La sconfitta di Milano lascia qualche strascico: «Abbiamo analizzato quella partita: abbiamo giocato un quarto d’ora senza timori reverenziali, con personalità. Dopo il gol, fino alla fine del primo tempo li abbiamo subiti. L’Inter è riuscita a marcare le differenze anche perchè l’abbiamo incontrata nel suo momento migliore. Molto positiva è stata la reazione della squadra, hanno sempre avuto il piglio di chi non molla mai, di chi va a raschiare il fondo del barile, di chi non depone mai le armi a cuor leggero. Anche in questo caso l’abbiamo dimostrato, ora l’archiviamo perchè la prossima è ancora più complicata. La posta in palio è altissima: c’è da consolidare la classifica, restare lì subito dopo le grandi, la lotta coinvolge diverse squadre incluso il Chievo».

«La Sampdoria ha sofferto la qualità dell’Inter, le loro accelerazioni. Avremmo dovuto mascherare le differenze tra noi e loro. Sulla sinistra Murru sta crescendo, mi dà segnali di miglioramento rispetto a quando è arrivato. La partita non l’abbiamo persa per i singoli giocatori, ma perchè i nerazzurri ci sono stati superiori. Ramirez? Ha bruciato le tappe all’inizio, ma non sappiamo da che passato arrivava. I calciatori possono attraversare un periodo di appannamento, può essere normale, fisiologico: se lo vedo “sporco” nelle capacità coordinative, lo faccio riposare ma il mio obiettivo è farlo recuperare. Ieri, in allenamento, mi è piaciuto, lui non si tira indietro: se fa male è lui il primo a saperlo».

«Del Chievo ho visto quattro partite, è una squadra che ci somiglia. A differenza nostra calcolano un po’ di più, gestiscono i momenti della partita, noi invece non li gestiamo. Ci somigliamo, nelle linee di gioco, nel modo di difendere. È una partita speculare, bisogna andarsi a cercare le occasioni. Linetty e Bereszynski, che sono in odore di nazionale, sicuramente hanno un valore aggiunto in questo momento, tutti quelli che possono andare a giocare una manifestazione così bella e importante hanno voglia di fare bene. Kownacki è un giocatore sveglio, viene in allenamento per migliorarsi, è un ragazzo che è forte e può diventare ancora più forte. Barreto? È un giocatore colonna di questa squadra, rientra però in quella casistica di giocatori che per problemi fisici possono attraversare momenti di non lucidità: ha perso un po’ di continuità ma non è in discussione. So di poter contare sullo spessore degli uomini, non solo sul loro essere calciatori: è un giocatore affidabile, devo comunque tener conto dei momenti e delle condizioni fisiche di ognuno di loro».

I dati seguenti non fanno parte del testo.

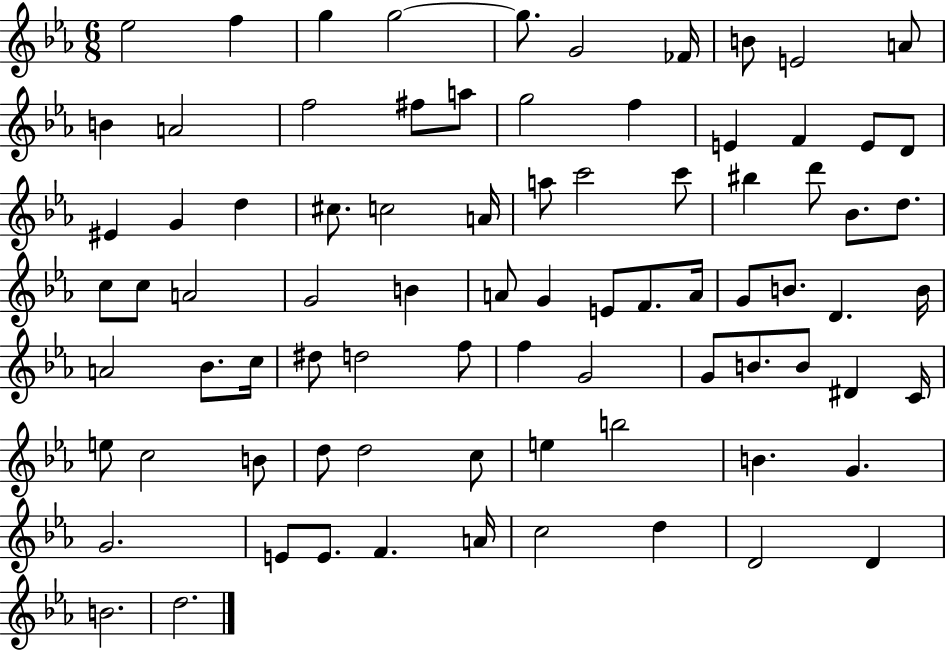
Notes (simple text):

Eb5/h F5/q G5/q G5/h G5/e. G4/h FES4/s B4/e E4/h A4/e B4/q A4/h F5/h F#5/e A5/e G5/h F5/q E4/q F4/q E4/e D4/e EIS4/q G4/q D5/q C#5/e. C5/h A4/s A5/e C6/h C6/e BIS5/q D6/e Bb4/e. D5/e. C5/e C5/e A4/h G4/h B4/q A4/e G4/q E4/e F4/e. A4/s G4/e B4/e. D4/q. B4/s A4/h Bb4/e. C5/s D#5/e D5/h F5/e F5/q G4/h G4/e B4/e. B4/e D#4/q C4/s E5/e C5/h B4/e D5/e D5/h C5/e E5/q B5/h B4/q. G4/q. G4/h. E4/e E4/e. F4/q. A4/s C5/h D5/q D4/h D4/q B4/h. D5/h. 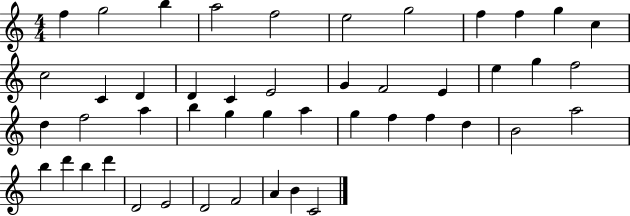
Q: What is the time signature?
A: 4/4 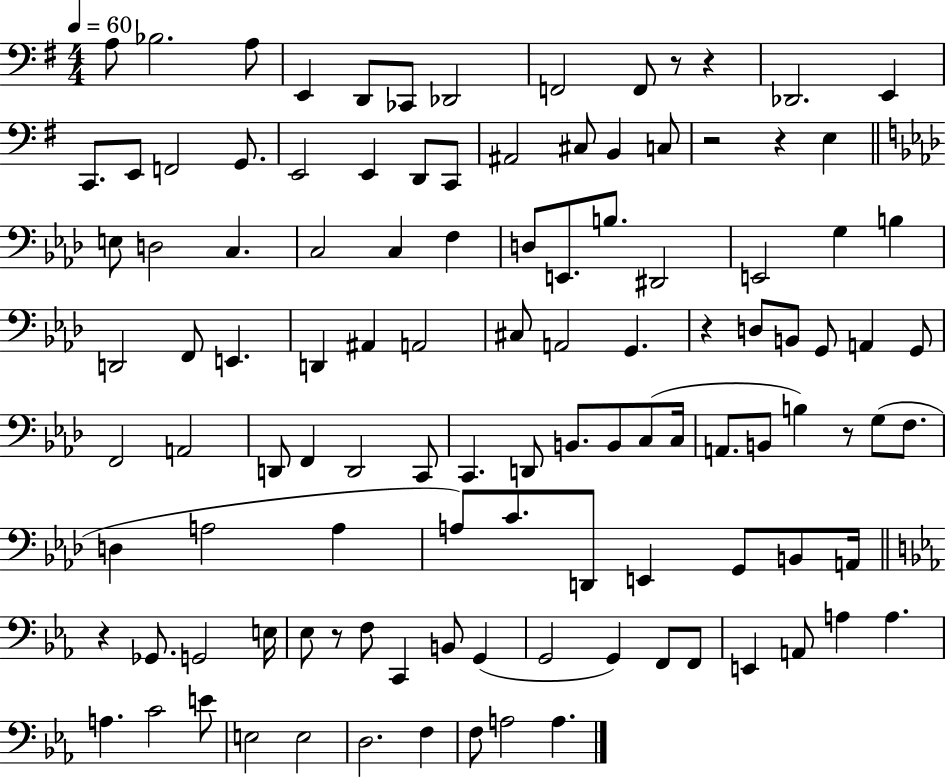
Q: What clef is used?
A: bass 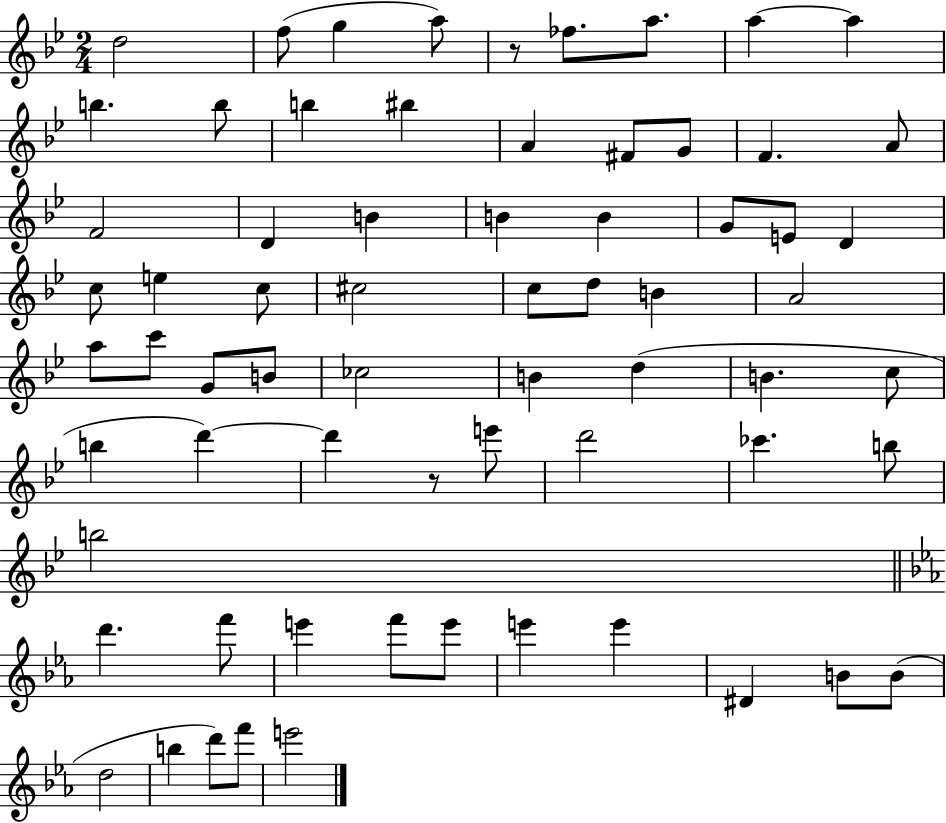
D5/h F5/e G5/q A5/e R/e FES5/e. A5/e. A5/q A5/q B5/q. B5/e B5/q BIS5/q A4/q F#4/e G4/e F4/q. A4/e F4/h D4/q B4/q B4/q B4/q G4/e E4/e D4/q C5/e E5/q C5/e C#5/h C5/e D5/e B4/q A4/h A5/e C6/e G4/e B4/e CES5/h B4/q D5/q B4/q. C5/e B5/q D6/q D6/q R/e E6/e D6/h CES6/q. B5/e B5/h D6/q. F6/e E6/q F6/e E6/e E6/q E6/q D#4/q B4/e B4/e D5/h B5/q D6/e F6/e E6/h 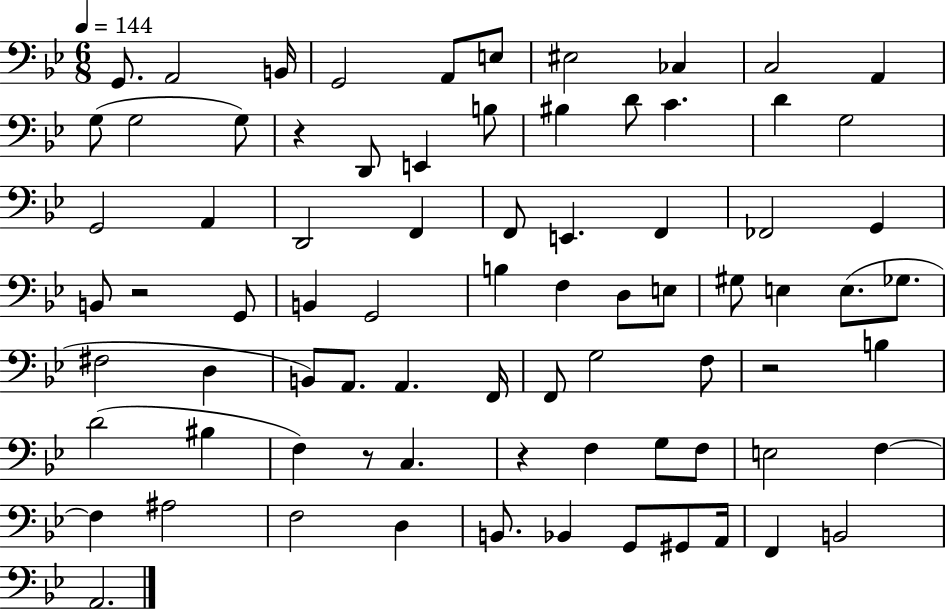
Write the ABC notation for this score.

X:1
T:Untitled
M:6/8
L:1/4
K:Bb
G,,/2 A,,2 B,,/4 G,,2 A,,/2 E,/2 ^E,2 _C, C,2 A,, G,/2 G,2 G,/2 z D,,/2 E,, B,/2 ^B, D/2 C D G,2 G,,2 A,, D,,2 F,, F,,/2 E,, F,, _F,,2 G,, B,,/2 z2 G,,/2 B,, G,,2 B, F, D,/2 E,/2 ^G,/2 E, E,/2 _G,/2 ^F,2 D, B,,/2 A,,/2 A,, F,,/4 F,,/2 G,2 F,/2 z2 B, D2 ^B, F, z/2 C, z F, G,/2 F,/2 E,2 F, F, ^A,2 F,2 D, B,,/2 _B,, G,,/2 ^G,,/2 A,,/4 F,, B,,2 A,,2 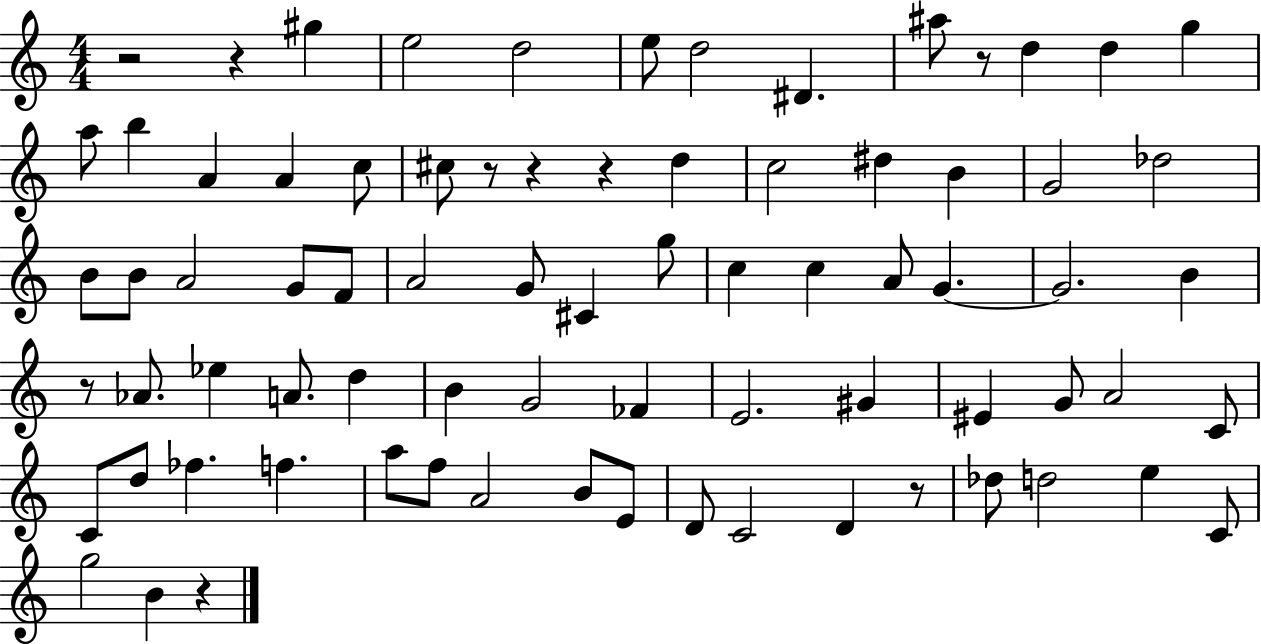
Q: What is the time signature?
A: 4/4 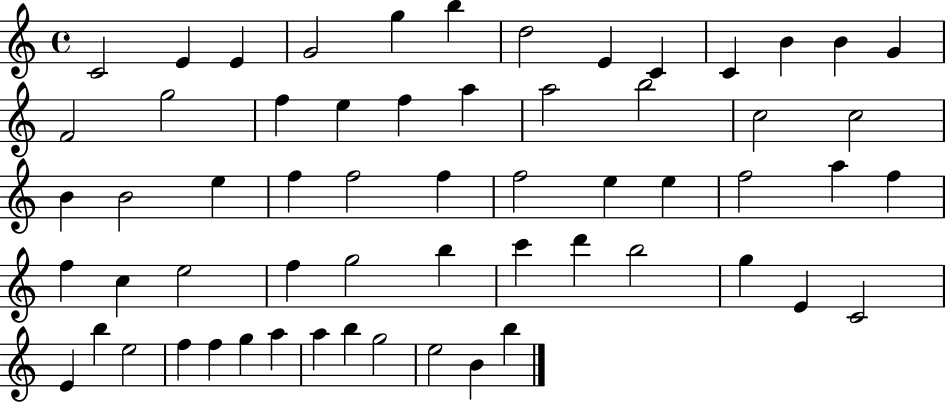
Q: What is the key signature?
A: C major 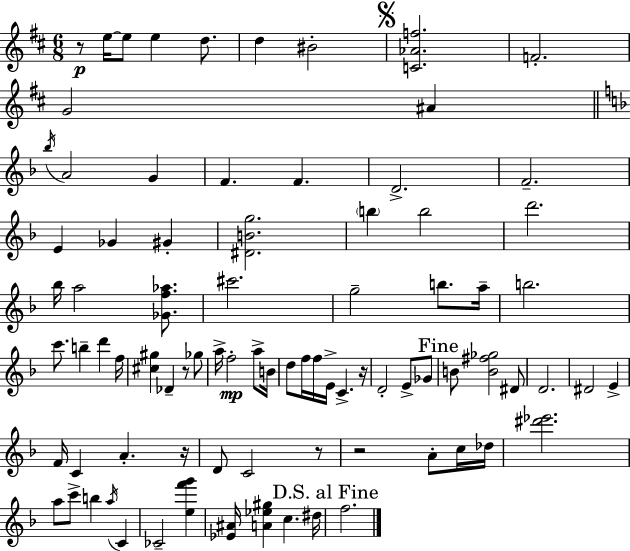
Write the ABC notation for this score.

X:1
T:Untitled
M:6/8
L:1/4
K:D
z/2 e/4 e/2 e d/2 d ^B2 [C_Af]2 F2 G2 ^A _b/4 A2 G F F D2 F2 E _G ^G [^DBg]2 b b2 d'2 _b/4 a2 [_Gf_a]/2 ^c'2 g2 b/2 a/4 b2 c'/2 b d' f/4 [^c^g] _D z/2 _g/2 a/4 f2 a/2 B/4 d/2 f/4 f/4 E/4 C z/4 D2 E/2 _G/2 B/2 [B^f_g]2 ^D/2 D2 ^D2 E F/4 C A z/4 D/2 C2 z/2 z2 A/2 c/4 _d/4 [^d'_e']2 a/2 c'/2 b a/4 C _C2 [ef'g'] [_E^A]/4 [A_e^g] c ^d/4 f2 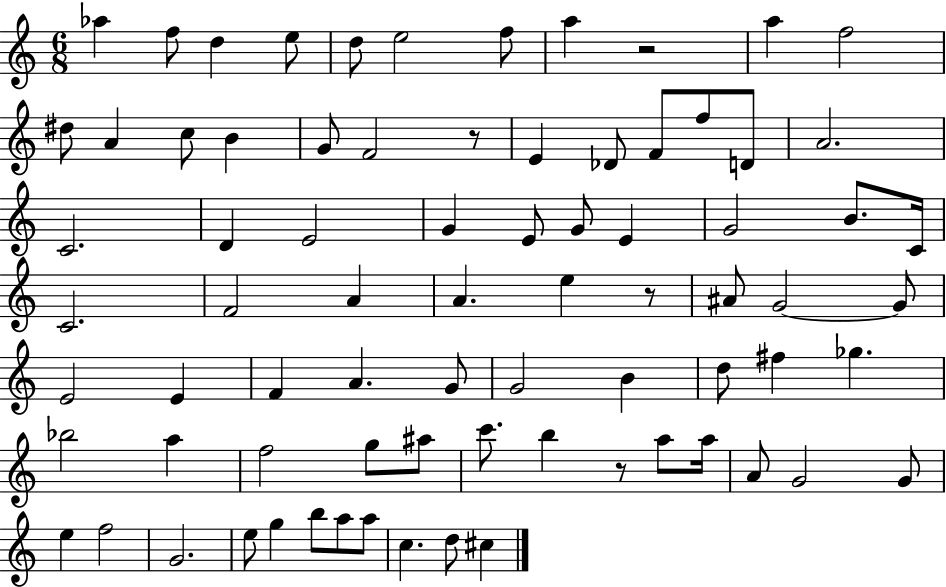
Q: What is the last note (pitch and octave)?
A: C#5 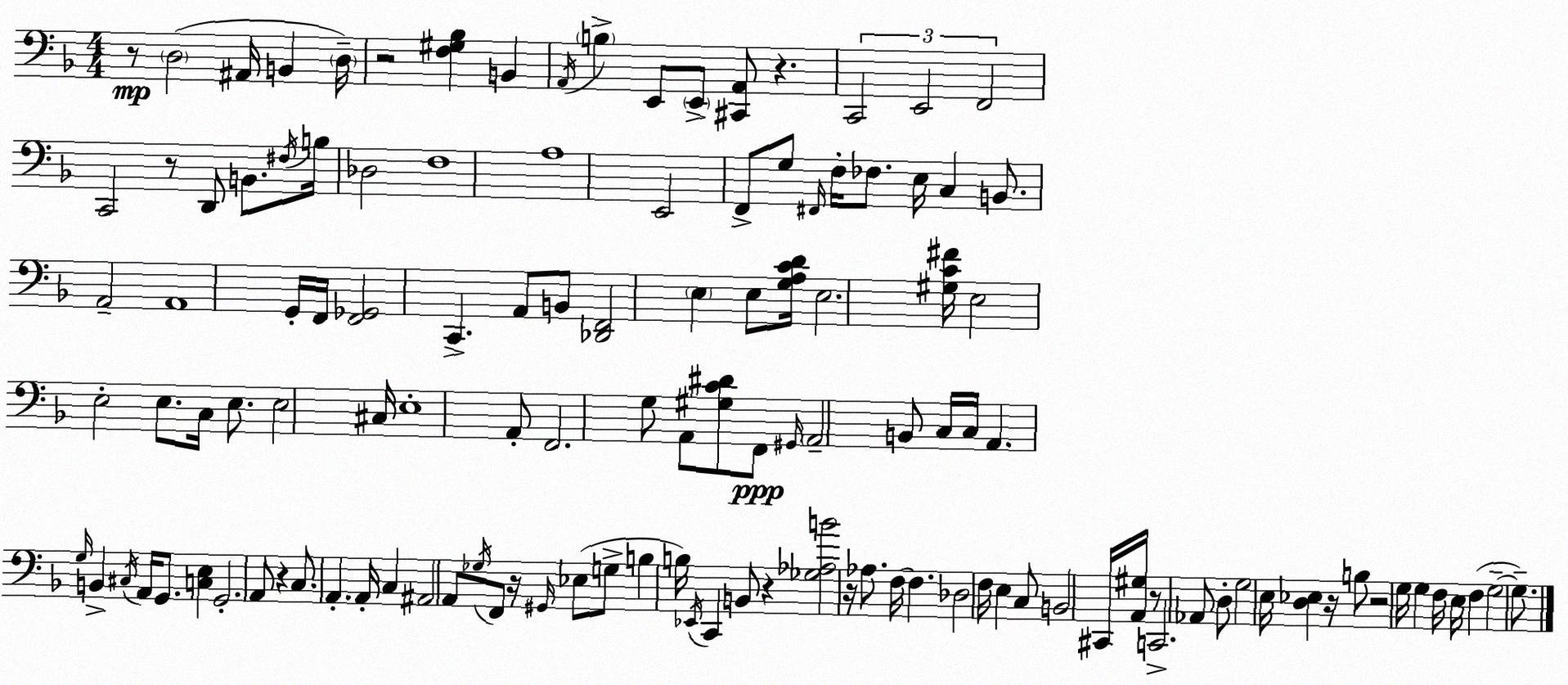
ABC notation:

X:1
T:Untitled
M:4/4
L:1/4
K:F
z/2 D,2 ^A,,/4 B,, D,/4 z2 [F,^G,_B,] B,, A,,/4 B, E,,/2 E,,/2 [^C,,A,,]/2 z C,,2 E,,2 F,,2 C,,2 z/2 D,,/2 B,,/2 ^F,/4 B,/4 _D,2 F,4 A,4 E,,2 F,,/2 G,/2 ^F,,/4 F,/4 _F,/2 E,/4 C, B,,/2 A,,2 A,,4 G,,/4 F,,/4 [F,,_G,,]2 C,, A,,/2 B,,/2 [_D,,F,,]2 E, E,/2 [G,A,CD]/4 E,2 [^G,C^F]/4 E,2 E,2 E,/2 C,/4 E,/2 E,2 ^C,/4 E,4 A,,/2 F,,2 G,/2 A,,/2 [^G,C^D]/2 F,,/2 ^G,,/4 A,,2 B,,/2 C,/4 C,/4 A,, G,/4 B,, ^C,/4 A,,/4 G,,/2 [C,E,] G,,2 A,,/2 z C,/2 A,, A,,/4 C, ^A,,2 A,,/2 _G,/4 F,,/2 z/4 ^G,,/4 _E,/2 G,/2 B, B,/4 _E,,/4 C,, B,,/2 z [_G,_A,B]2 z/4 _A,/2 F,/4 F, _D,2 F,/4 E, C,/2 B,,2 ^C,,/4 [A,,^G,]/4 z/2 C,,2 _A,,/2 D,/2 G,2 E,/4 [D,_E,] z/4 B,/2 z2 G,/4 G, F,/4 E,/4 F, G,2 G,/2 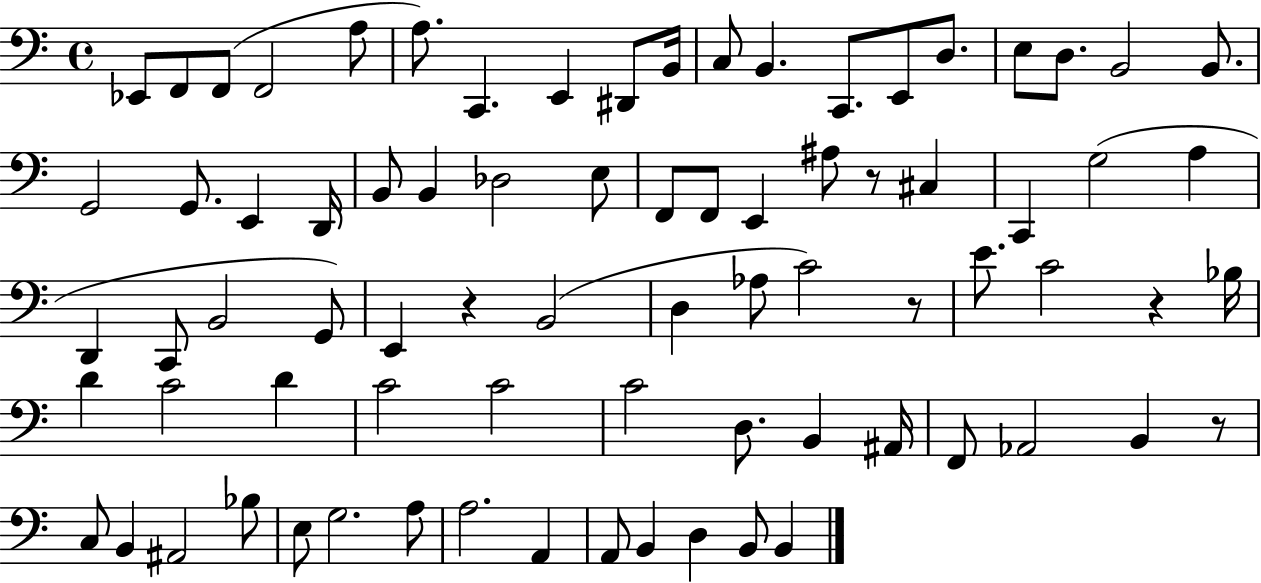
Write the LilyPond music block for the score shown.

{
  \clef bass
  \time 4/4
  \defaultTimeSignature
  \key c \major
  \repeat volta 2 { ees,8 f,8 f,8( f,2 a8 | a8.) c,4. e,4 dis,8 b,16 | c8 b,4. c,8. e,8 d8. | e8 d8. b,2 b,8. | \break g,2 g,8. e,4 d,16 | b,8 b,4 des2 e8 | f,8 f,8 e,4 ais8 r8 cis4 | c,4 g2( a4 | \break d,4 c,8 b,2 g,8) | e,4 r4 b,2( | d4 aes8 c'2) r8 | e'8. c'2 r4 bes16 | \break d'4 c'2 d'4 | c'2 c'2 | c'2 d8. b,4 ais,16 | f,8 aes,2 b,4 r8 | \break c8 b,4 ais,2 bes8 | e8 g2. a8 | a2. a,4 | a,8 b,4 d4 b,8 b,4 | \break } \bar "|."
} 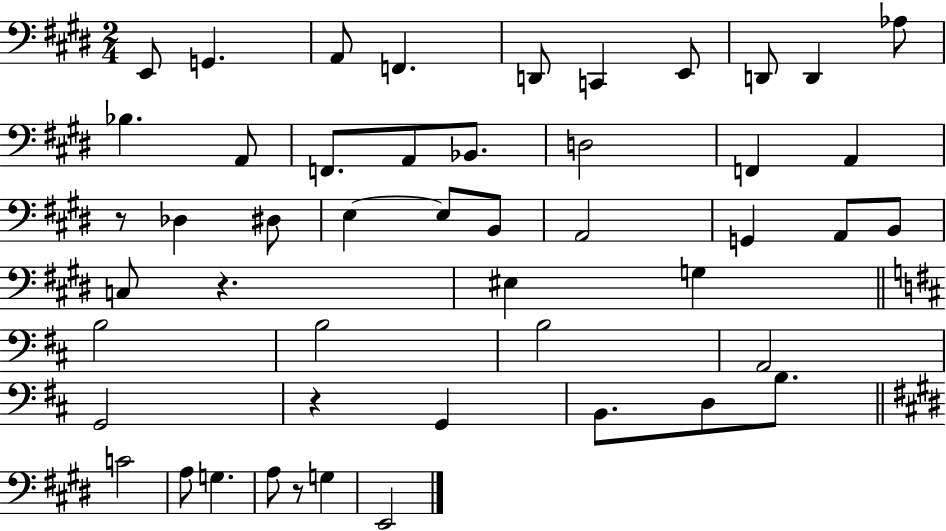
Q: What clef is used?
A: bass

«Ho voluto dare continuità a Ferrari per fare ulteriori valutazioni sul ragazzo che, con il Crotone, aveva fatto bene. Ma il discorso che faccio su Ramirez e Barreto vale anche per Regini, sono giocatori affidabili. Viviano porta avanti un lavoro, sta meglio, non vi do anticipazioni perché dobbiamo fare ancora l’ultimo test, non che sia determinante, ma è una questione di rispetto per il lavoro dei calciatori. L’ho visto molto migliorato comunque rispetto alle scorse settimane: sarà convocato».

«Possiamo scrivere un paragrafo nella gloriosa storia della Sampdoria andando a vincere cinque gare consecutive tra le mura del Ferraris. Ma queste sono cose che fanno piacere a fine partita, la gara sarà importante per altri aspetti: sarà difficile perchè il nostro avversario è storicamente ostico e rognoso, è una partita sicuramente complicata».